Pagare le pensioni il 10 del mese e non più il primo giorno, non è una buona idea. «La decisione, se presa per motivi amministrativi e informatici, doveva essere spiegata meglio — dice Elsa Fornero, ex ministro del Lavoro del governo Monti — Se invece si pensa di posticipare la data con l’obiettivo di realizzare un risparmio, direi che ci troviamo davanti ad un’operazione di piccolo cabotaggio».
Partiamo proprio dai risparmi che il posticipo previsto dalla Legge di stabilità potrebbe garantire: l’Inps lo quantifica in sei milioni.
«Ecco, se la cifra è questa si poteva evitare lo scompiglio che l’operazione porterà nella vita dei pensionati. C’erano alternative migliori».
Quali per esempio?
«Tornare al contributo di solidarietà sulle pensioni alte, misura che la Corte Costituzionale bocciò e che invece secondo me era giusta. Un provvedimento del genere avrebbe garantito risultati decisamente migliori e avrebbe risposto a criteri di equità. Il posticipo di dieci giorni è un mezzuccio. Non so chi abbia avuto quest’idea, mi sembra un’operazione di piccolo cabotaggio».
A dire il vero il governo non parla di risparmi. La norma, recita il testo, sarebbe giustificata dalla «necessità di razionalizzare e uniformare le procedure».
«Se così fosse l’operazione andava spiegata meglio. Non era nemmeno necessario inserirla nella Legge di stabilità, perché se il motivo è amministrativo o informatico non c’è urgenza. Lo scompiglio, ripeto, si poteva evitare».
E’ solo scompiglio o, come dicono i
sindacati, c’è un accanimento contro la categoria?
«Non parlerei di accanimento, ma ricordo che i pensionati sono già stati oggetto di una riforma: mi riferisco alla deindicizzazione degli assegni oltre i 1400 euro, misura alla quale cercai di oppormi, ma che fu ritenuta necessaria. Considerato che si tratta di persone escluse dal mondo del lavoro che non hanno la possibilità di rifarsi in altro modo, penso che la categoria non andrebbe ulteriormente toccata».

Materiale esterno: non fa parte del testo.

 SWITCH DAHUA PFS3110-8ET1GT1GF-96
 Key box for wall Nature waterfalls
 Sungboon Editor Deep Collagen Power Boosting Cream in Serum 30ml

Anche il Tfr in busta paga è un mezzuccio?
«Qui il caso è un po’ più complesso, anche se non mi pare che si tratti di una grande operazione. E’ fondamentale che avvenga su base volontaria, non credo che garantirà risultati, a maggior ragione se la partita fiscale si tradurrà in un aggravio. I lavoratori sono attaccati al Tfr, lo percepiscono come ri- serva per il futuro e, a meno che non siano in gravi difficoltà economiche, non penseranno di spenderlo in consumi».
Secondo lei perché il governo prevede l’anticipo in busta paga solo per tre anni?

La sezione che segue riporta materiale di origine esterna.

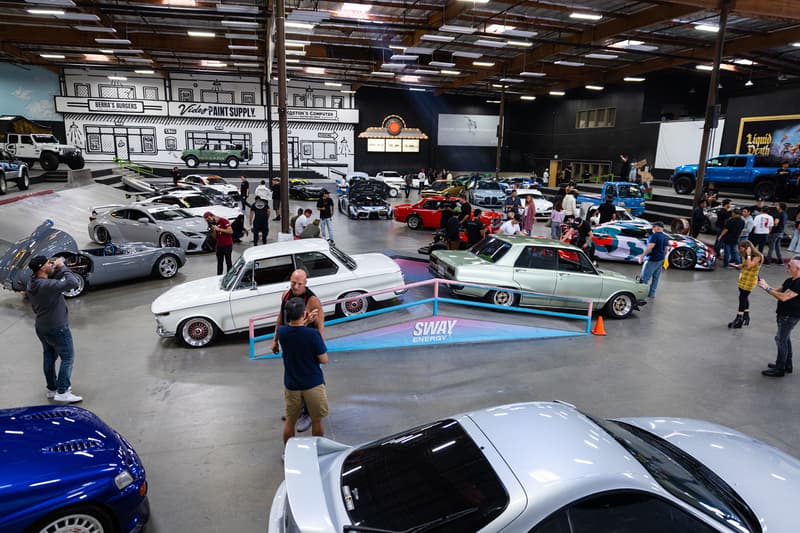 HYPEBEAST x Purist Group Cars & Charity Event Photos Car Club Berrics Car Meet Show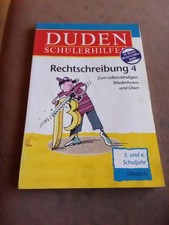 Buch: Duden Schülerhilfe Rechtschreibung 4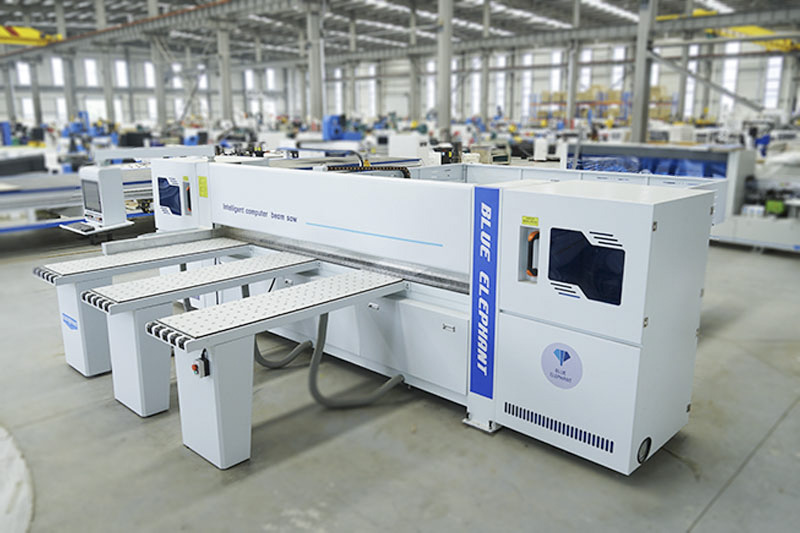 High Performance ELECNC-280 Automatic Computer CNC Beam Saw for Panel Cutting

«Perché si fa sperimentazione sociale su quello che è un cambiamento culturale: le riforme non nascono perfette è giusto tenere conto delle risposte. L’operazione non avrà costi né per i lavoratori — purché possano scegliere — né per le banche, né per le aziende, che non hanno nulla di cui lamentarsi. E d’altra parte, in tempi di crisi, il Tfr è una riserva che fa gola a tutti i governi».
Allora come mai il suo non lo toccò?
«Eravamo tecnici, non abbiamo fatto nulla in tema di previdenza integrativa, che è una gran bella cosa, ma richiede risorse».

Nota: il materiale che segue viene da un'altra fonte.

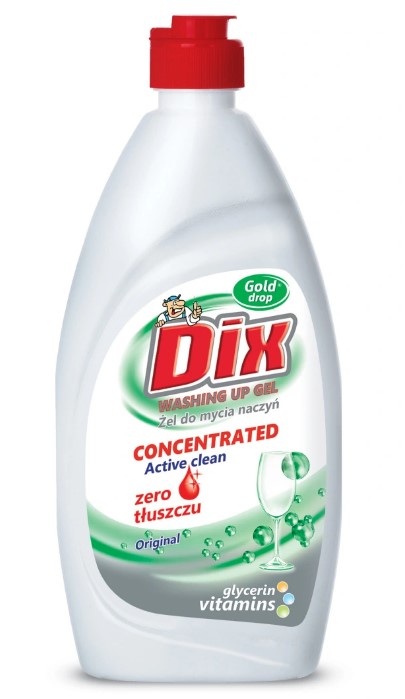 

DIX Żel do mycia naczyń original z gliceryną 500ml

Lei come ministro fu molto criticata dall’opinione pubblica per le riforme sul lavoro e sulle pensioni. Cosa prova quando vede che il governo Renzi tratta male i sindacati e prende misure pesanti suscitando meno ostilità?
«Io ero piuttosto sola, fra i ministri più tecnici in un governo tecnico che non aveva alle spalle partiti che lo appoggiassero. Come tecnico non potevo nemmeno sfidarli come Renzi fa. Ho cercato di operare sempre nell’esclusivo interesse del Paese. La mia sfida era pensare ad altro quando in Aula sentivo accuse assurde espresse nei miei confronti con un linguaggio spesso inaccettabile».